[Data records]
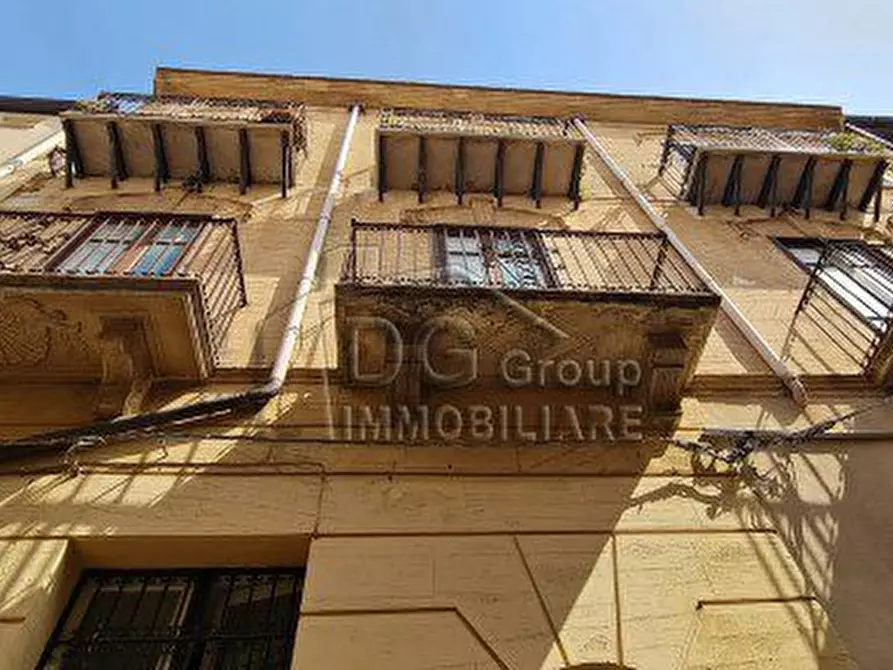 Immagine 2 di Appartamento in vendita  a Alcamo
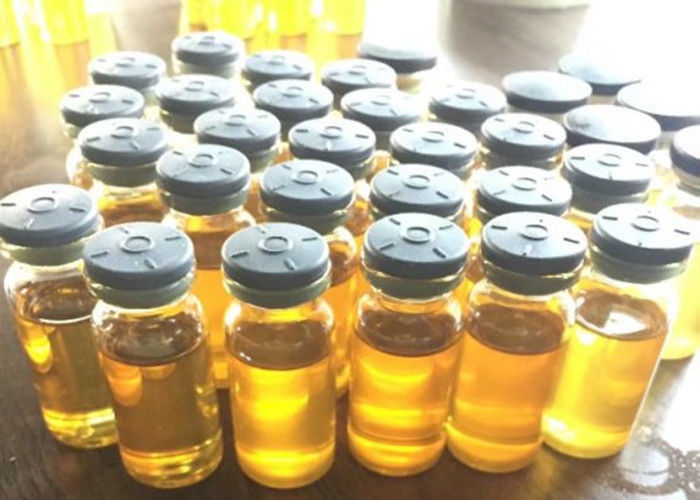 Trenbolone Acetate Injectable Anabolic Steroids Finaplix Revalor H 10161-34-9 Oil Liquid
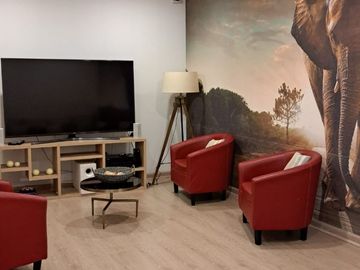 Venta departamento 2D 2B Maipú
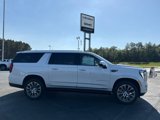 New 2025 GMC Yukon XL Denali w/ Sun & Power Step Package image 2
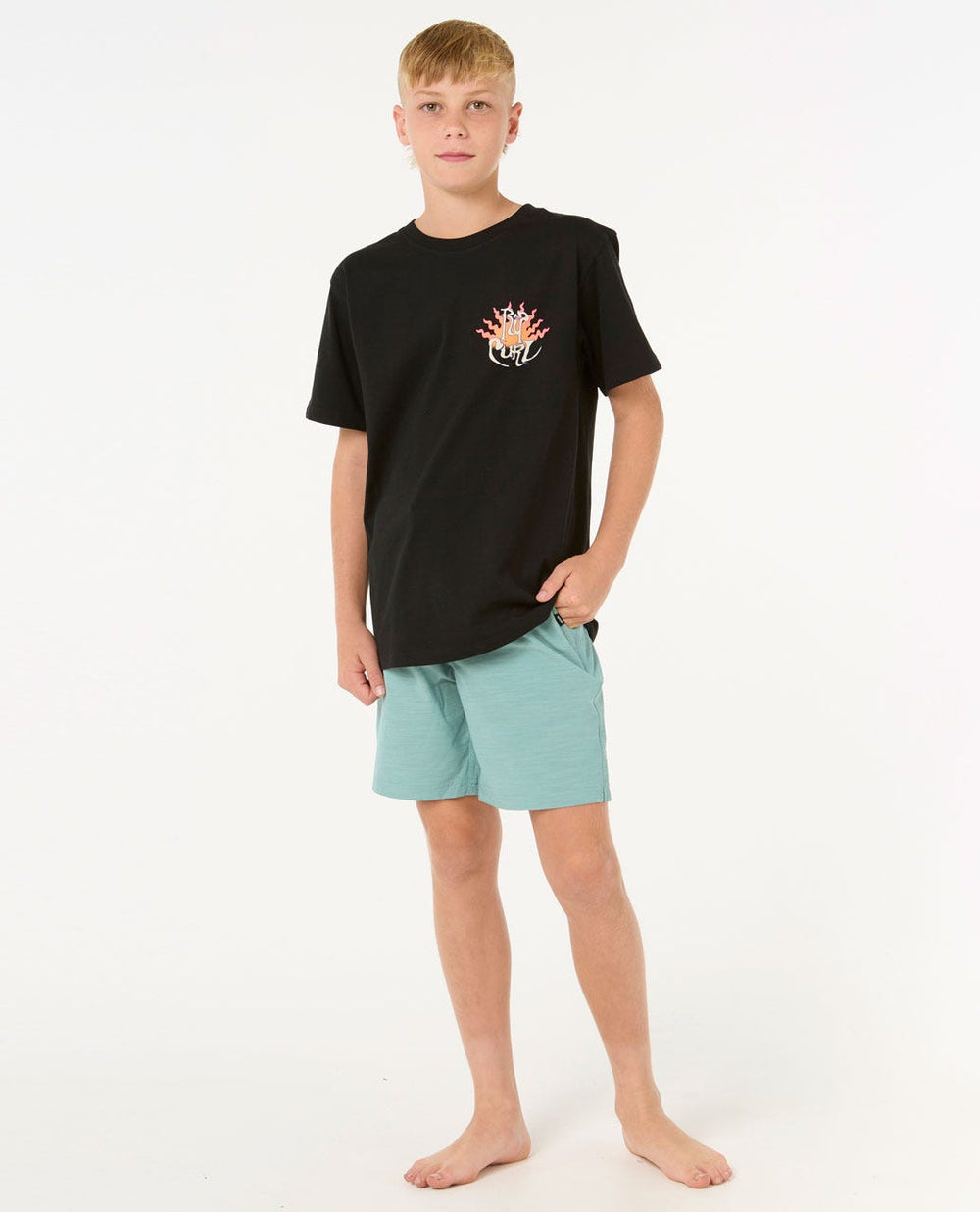 Jackson 18" Volley Boardwalk - Boys (8-16 years)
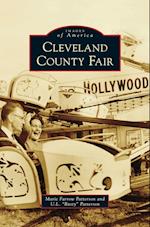 Cleveland County Fair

TASK INSTRUCTIONS: The copy you give must repeat each record character for character, but it must not include the pictures.

WRITTEN RESPONSE:
 Immagine 2 di Appartamento in vendita  a Alcamo
 Trenbolone Acetate Injectable Anabolic Steroids Finaplix Revalor H 10161-34-9 Oil Liquid
 Venta departamento 2D 2B Maipú
 New 2025 GMC Yukon XL Denali w/ Sun & Power Step Package image 2
 Jackson 18" Volley Boardwalk - Boys (8-16 years)
 Cleveland County Fair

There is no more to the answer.